And thank you so much for all your amazing feedback! I've really loved hearing some of the things people have had to say about this little story. I will reply to all of it, I'm just swamped right now, but don't mistake me, it's all appreciated. (I'd print it out and frame it, if that wasn't weird and a little narcissistic.)


Chapter Five: We're out in a country that has no language, no laws.
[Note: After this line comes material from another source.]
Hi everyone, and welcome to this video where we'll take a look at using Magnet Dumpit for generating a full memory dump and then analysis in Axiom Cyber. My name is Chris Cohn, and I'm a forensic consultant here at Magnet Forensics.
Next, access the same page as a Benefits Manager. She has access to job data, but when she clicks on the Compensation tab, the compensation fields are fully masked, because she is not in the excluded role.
The first day post-op was a circus of doctors and friends and her small, mostly non-genetic family coming and going. She was hazy and didn't really have the patience for some of them, but at least the ones who knew her best didn't linger too long and if they did, they demanded nothing of her.

Her father was her first visitor and he didn't stay long. Jim Beckett nearly cried with relief when he saw she was awake, and collapsed into the side unoccupied by Castle with a few shaky sighs. She felt his lips press into her knuckles.

"Katie," he whispered.

"I'm okay dad." She squeezed his hand and gave him a small, reassuring smile.
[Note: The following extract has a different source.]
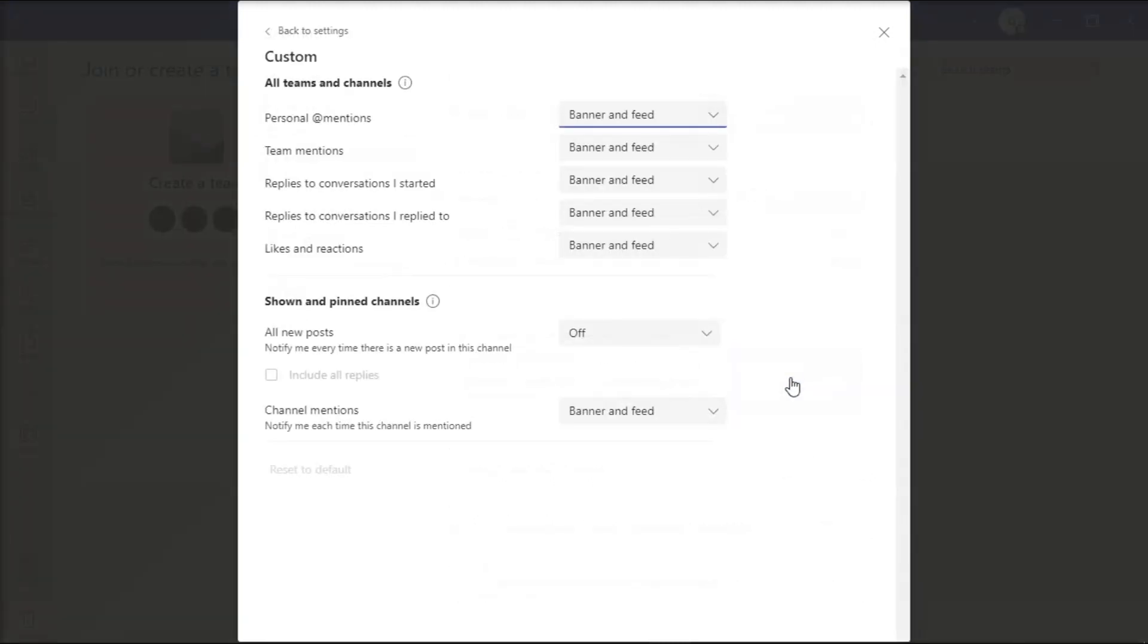Now in here, tweak the notification level and select Banner and Feed everywhere, so that you will have audible notification tone.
They had somehow managed to repair their relationship into something like what it had been before her mother's death, but they still sometimes struggled with things beyond the ordinary. She had parented him for nearly half as long as he had parented her and part of her couldn't forget that. And while he'd asked and been granted absolution by a higher power, as a father he was yet to truly forgive himself. He was clutching his chip from AA in the pocket of his other hand. She didn't have to look to know.
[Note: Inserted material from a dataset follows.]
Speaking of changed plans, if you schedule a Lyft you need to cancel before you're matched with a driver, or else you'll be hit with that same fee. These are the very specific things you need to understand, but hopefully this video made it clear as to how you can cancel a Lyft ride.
"I love you," she told him.

"I love you too." There were tears in his eyes when he looked up at her. "But you have to let this go."

"Not you too." Beckett tried not to scowl, but the hint of it was there. "Dad, we're so close."

"I can't lose you." He sat upright and patted her hand, fingers coming up to pinch the bridge of his nose. His eyes were closed. When he opened them again, she'd managed to school her expression.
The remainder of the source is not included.